Later that same year there was another attempt to kill the Queen when 17-year-old Christopher Lewis shot at her as she toured Dunedin on New Zealand’s South Island. At the time, many heard the crack of Lewis’s .22 rifle from an elevated position in a University of Otago building. Local police announced that a street sign had toppled over. Days later, when being interviewed about an unrelated crime, Lewis admitted his attempted murder and took police to the location where they found his spent shell. He said that as he was about to shoot, he had been distracted by two policemen walking across his line of fire. He fired, but the Queen had moved. He served some years in jail and at a psychiatric institution from which he tried to escape when he read that Prince Charles and Princess Diana were coming. He was keen to kill them too.

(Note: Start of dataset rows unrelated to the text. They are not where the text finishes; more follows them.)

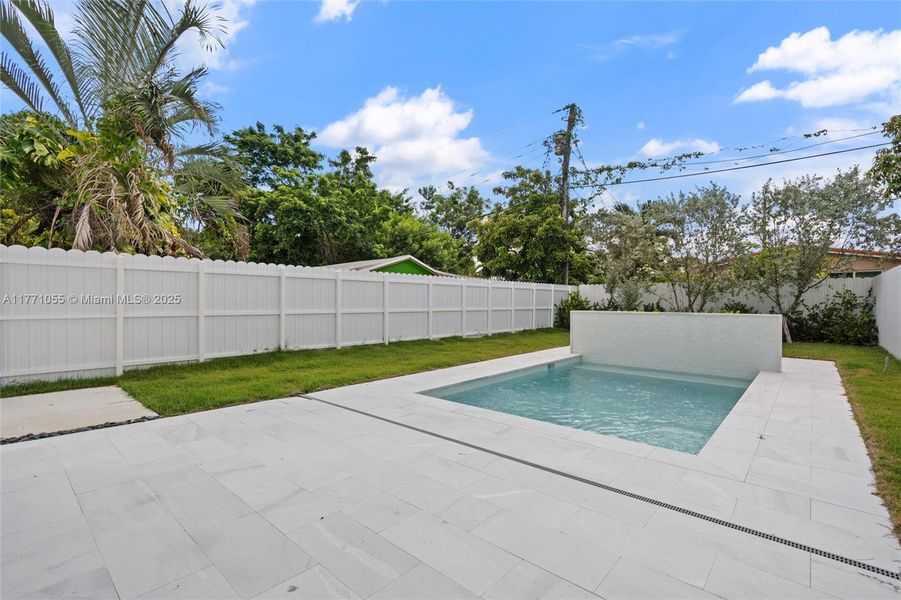 Front exterior of a new home in , Miami, FL, highlighting curb appeal (Image 10).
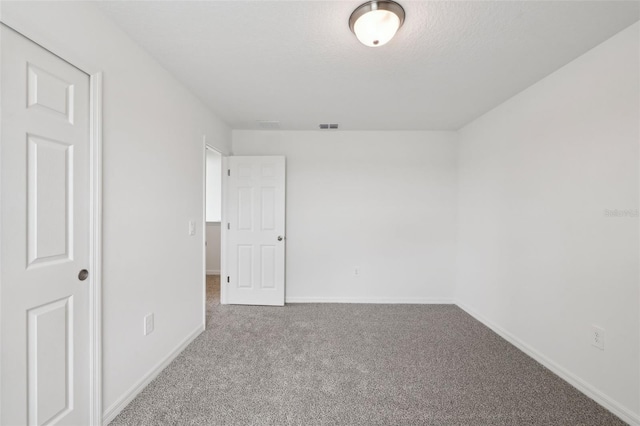 empty room featuring carpet, visible vents, a textured ceiling, and baseboards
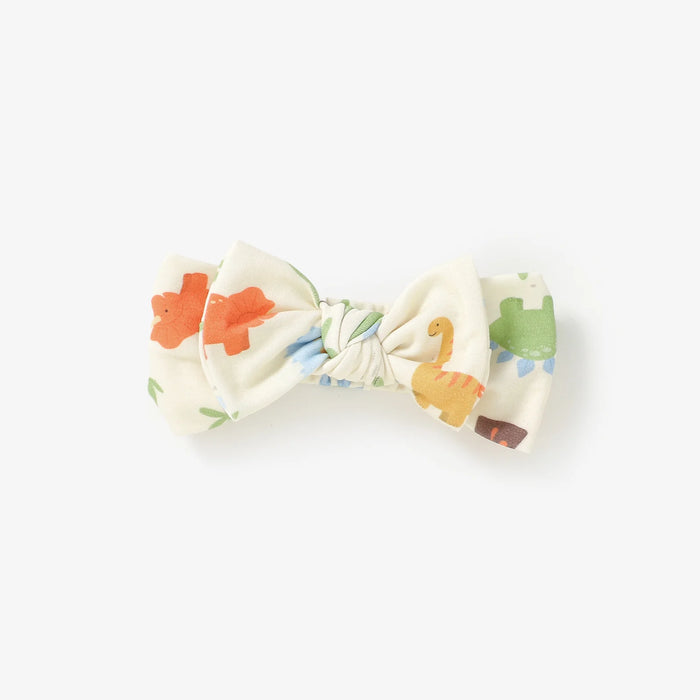 Bow tie with dinosaur pattern on a white background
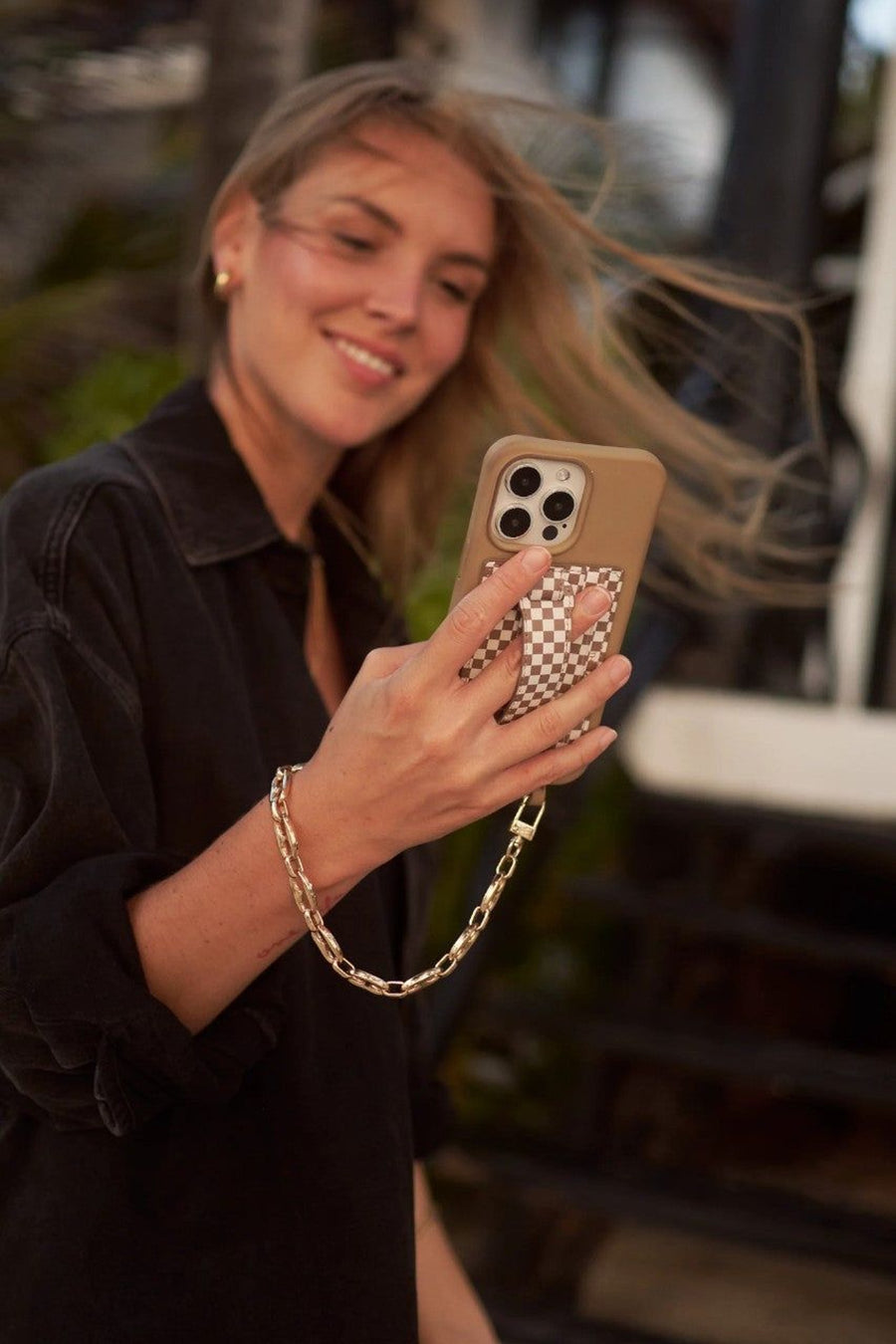 THE CAEP Goldi Peanut Wristlet – back view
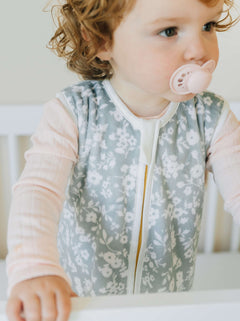 Minky Dainty Floral Sage Wearable Blanket on a cute child in a crib, promoting safe sleep for infants.
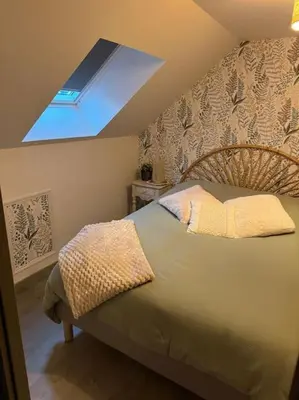 Un ou plusieurs lits dans un hébergement de l'établissement La maison de Charlotte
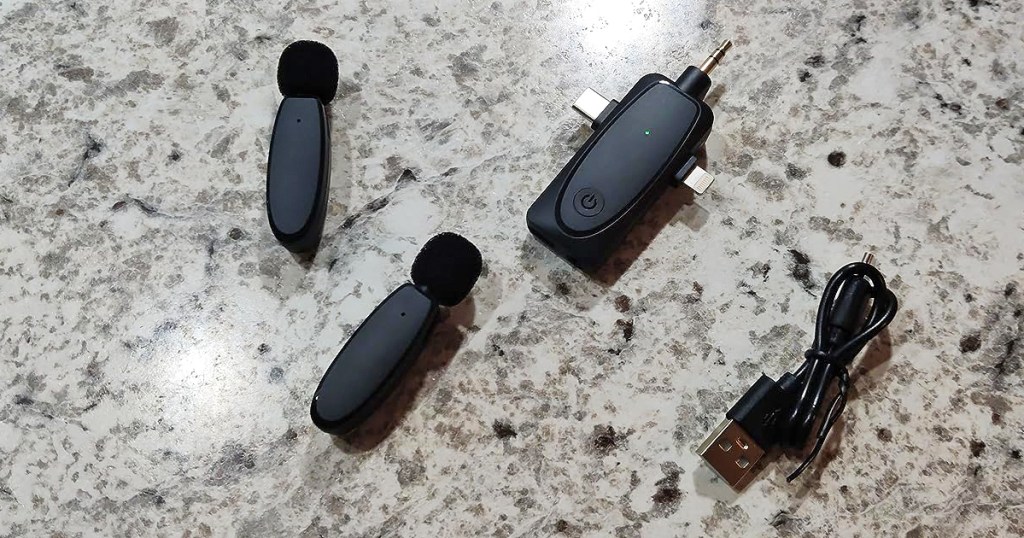 set of clip-on microphones, receiver, and charging cord on counter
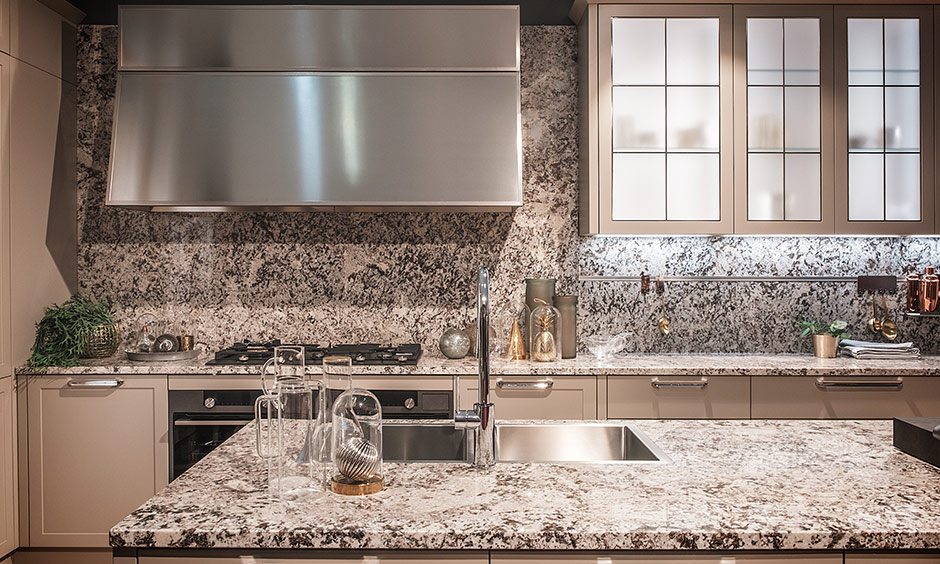 Kitchen granite countertops look beautiful and same granite is also used for the backsplash in the kitchen.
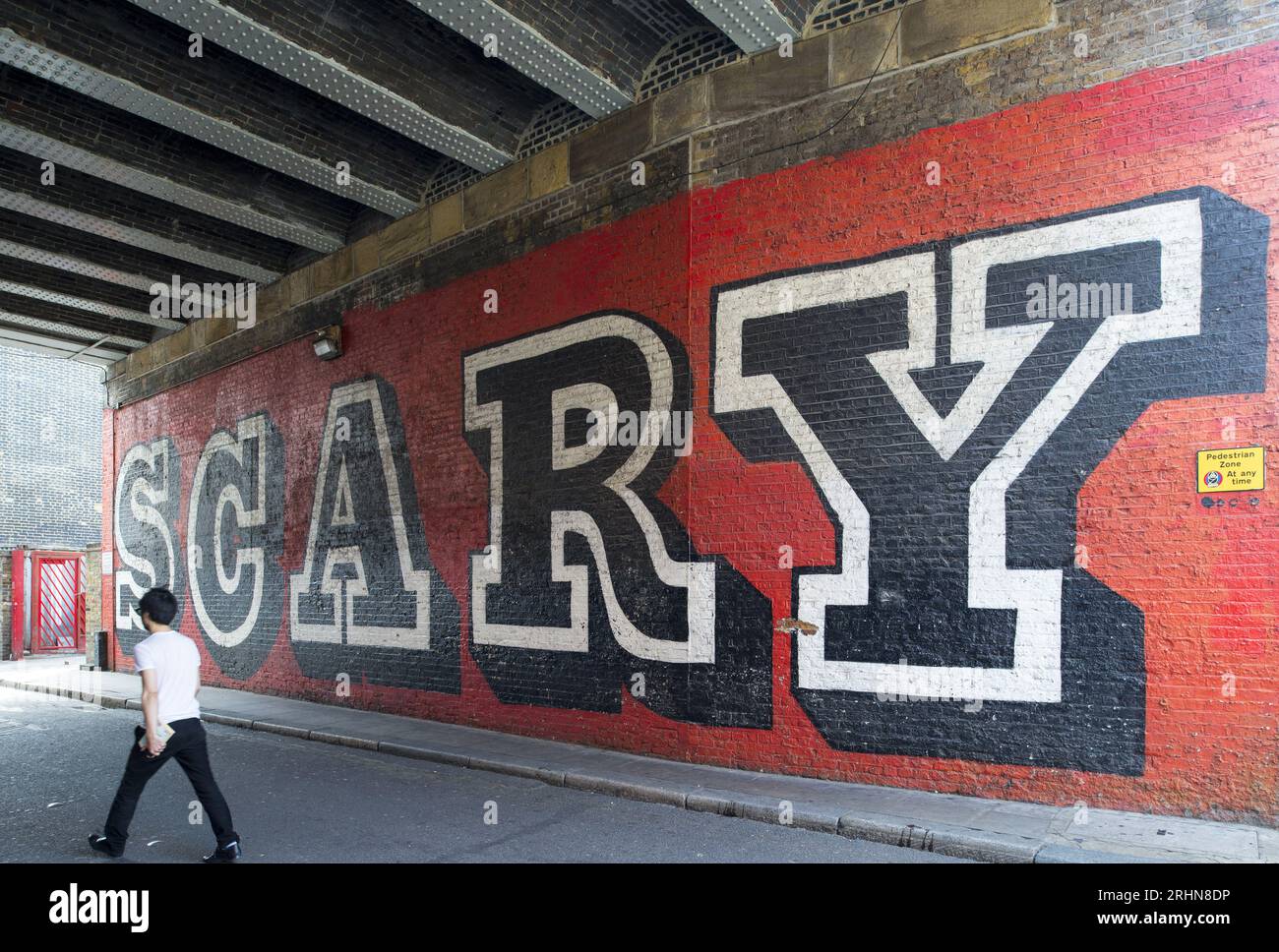 Auffälliges typografisches „GRUSELIGES“ Wandbild unter einer Eisenbahnbrücke in Shoreditch, East London, mit einem Fußgänger, der in einer ruhigen Straße vorbeiläuft. Stockfoto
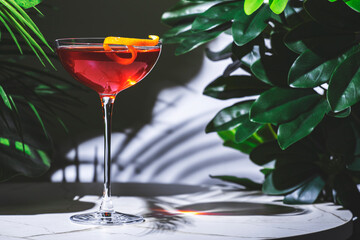 Refreshing red cocktail made with gin, vermouth, and herbal liqueur garnished with an orange twist on a stylish table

Three years ago, a former senior Dunedin detective sergeant said Lewis – who already had a record of arson and cruelty to animals and had stabbed a schoolmate with scissors – was charged with low-ranking firearms charges and not attempted murder so as not jeopardise future royal visits. New Zealand had dropped capital punishment in 1961 but it remained on the statues in the case of treason until 2007. A treason trial with Lewis’s life on the line – even if only nominally – would have made world headlines.
In 1996, Lewis dressed as a deliveryman and took a cardboard package to the Auckland home of Tania Furlan. As she bent over to sign for it Lewis battered her to death with a hammer. He wrote out a ransom note and kidnapped Furlan’s six-week-old daughter. It seems he got cold feet, dropped the child at a church and returned to pick up the ransom note. Bloody running-shoe prints led to Lewis. He took his life, aged 33, while in jail on remand.
Another covered-up attempt on the life of the Queen and her husband was revealed in 2009 when senior NSW policeman Detective Superintendent Cliff McHardy retired. He talked of the time during the Queen’s 1970 tour when the royal couple were to travel from Sydney to Orange by train. Another train reconnoitred the track an hour ahead of their scheduled April 29 trip. It detected nothing and gave the green light. But in the time between that scouting party and the royal carriages coming through, a large log was placed across the tracks near the now closed Bowenfels Station in an effort to derail them. McHardy, who died four years ago, said that as luck would have it the royal train was travelling slowly, having just passed through Lithgow, and a sweeper pushed the log to the side. British security services became aware in 2015 that Welsh-born Reyaad Khan, who had joined ISIS in Syria and boasted of executing “many prisoners”, was planning a series of terror strikes in the UK. They studied the straight-A student’s movements. When he made plans to kill the Queen during the 2015 VJ celebrations in central London, they acted. Then prime minister David Cameron signed off on the next move: a drone attack that fired a rocket killing the 21-year-old as he travelled in a car outside Raqqa.
And last Christmas Day morning, a masked Jaswant Singh Chail, armed with a crossbow, used a rope to scale the fence of Windsor Castle, where the Queen was in residence. Moments earlier he made a video which he uploaded to Snapchat, and in it stated: “I will attempt to assassinate Elizabeth, Queen of the Royal Family.” This was to be revenge for the 1919 massacre of Indian protesters at Amritsar by colonial soldiers.
Chail was within 500m of Her Majesty’s apartment when police grabbed him after he popped up on security cameras. It was the fifth security scare at Windsor Castle in nine months.